And then I walked up over the hill, took one look at Math-on-a-Stick, and the indifference melted.  The humble smile of satisfaction from Christopher Danielson was enough to warm the cockles of my heart for months.  But the kids and the konversations around shape, number, space, and patterns were nothing short of inspiring.  “This is exactly how I envisioned this,” Christopher said.  And his vision becoming state-fair reality is going to change the way parents and kids talk about math.  I love hearing kids explain their reasoning.  It’s what makes my job as an educator joyous.


 

Dear Adults: (all of us)

The children in your life are creative, driven, passionate, and intelligent.

GET OUT OF THEIR WAY.

Ask them how they see the pattern. Let them experiment with the shapes.  Let them lead the conversation.

Listen to what they notice. Encourage them to say more.

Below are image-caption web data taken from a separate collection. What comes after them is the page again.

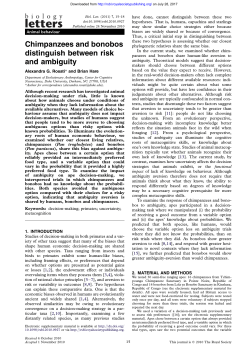Chimpanzees and bonobos distinguish between risk and ambiguity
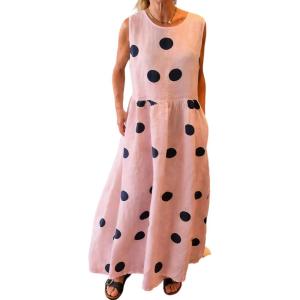 image:imageCHARTOU Women Cotton Linen Shift Dress Summer Casual Polka Dot Tunic Flowy Maxi Long DressPink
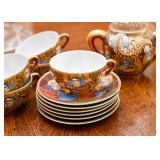 Vintage Japanese Satsuma Moriage Shimazu Crest, Dragon Ware, Immortals Tea Set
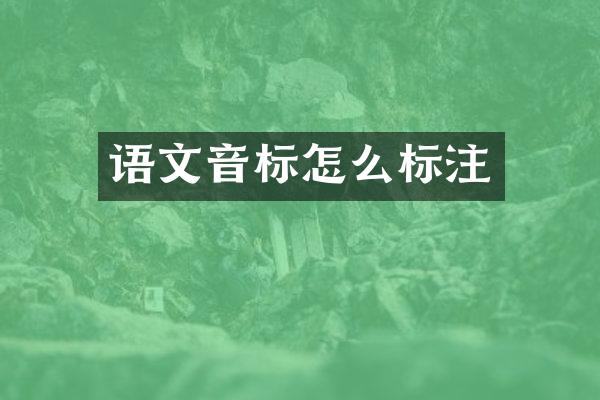 语文音标怎么标注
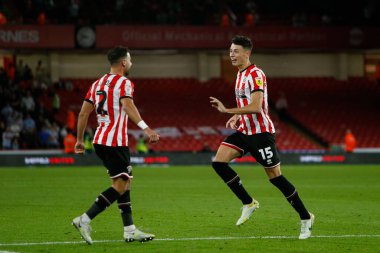 Anel Ahmedhodzic #15 of Sheffield United Celebrates scoring a goal to make it 2-0 during the Sky Bet Championship match Sheffield United vs Reading at Bramall Lane, Sheffield, UK, 30th August 2022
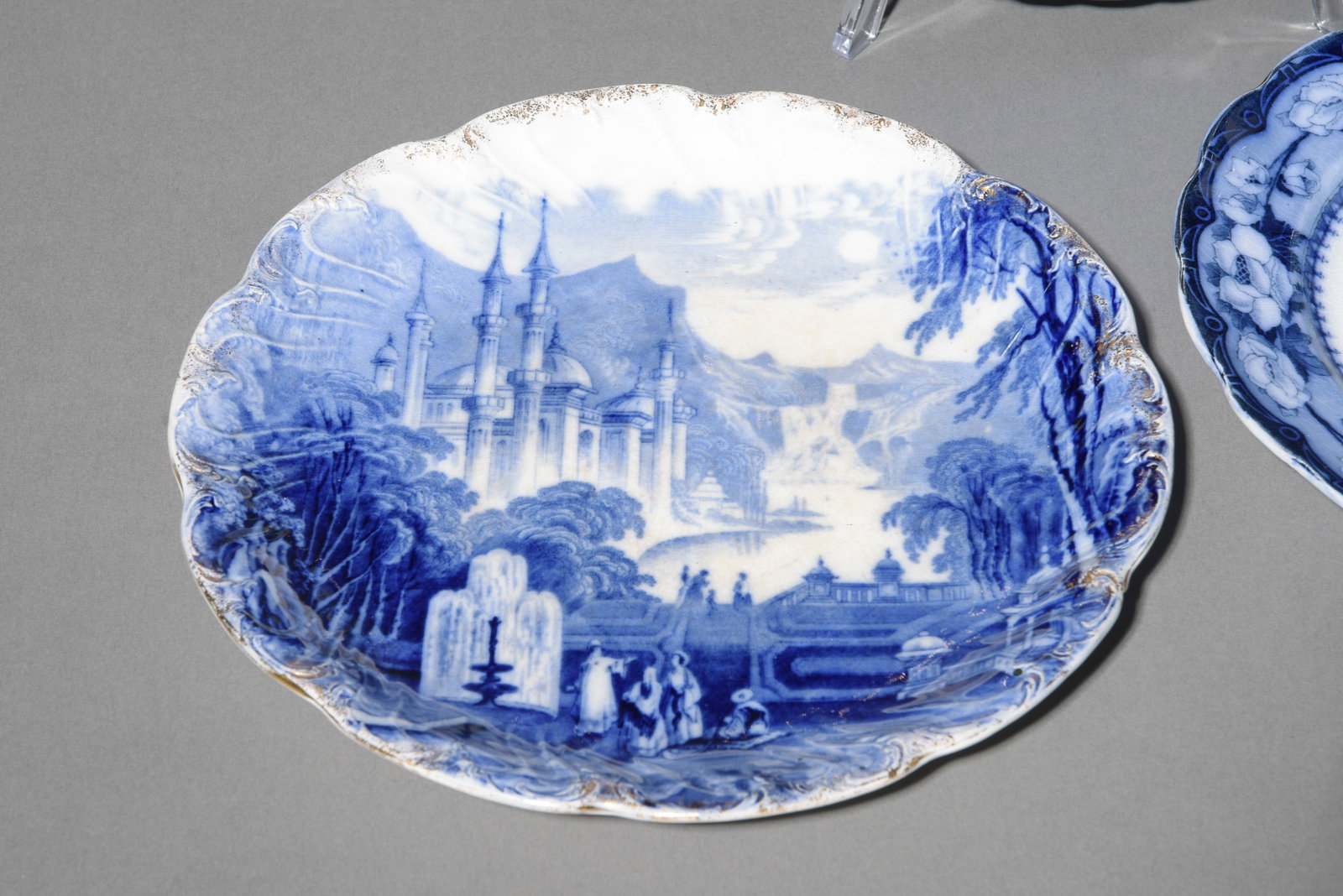 Five Assorted Flo Blue / Blue & White Plates - 5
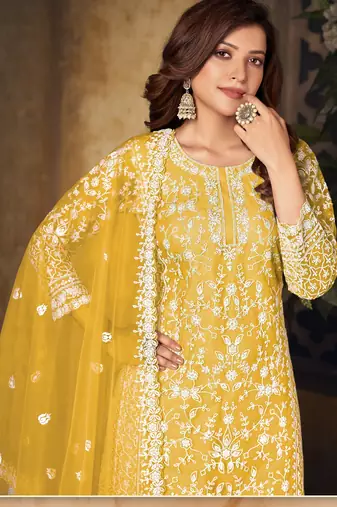 Vibrant Mustard Yellow Heavy Cording Work Net Salwar Suit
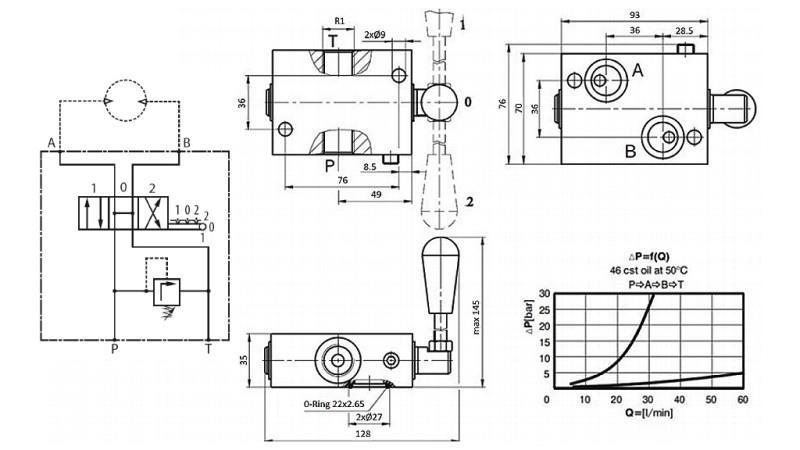 MANUELE KLEP VOOR HYDROMOTOR MP-MR-MH OPEN CENTRUM - 50lit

Then ask them how they know.

The “right” answer is so much less important than a child leading you on their own mathematical journey.


 

Thank you, Christopher.  Today you not only added a great new structure to the landscape of the Minnesota State Fair. But tonight, in hundreds of households, the conversation around mathematics is changing. And after nine more days, thousands more will get a chance to embrace this shift.  When my husband and I have been married forty-two years, we’ll go to the fair and stop by and listen to the kids talk at Math-on-a-Stick.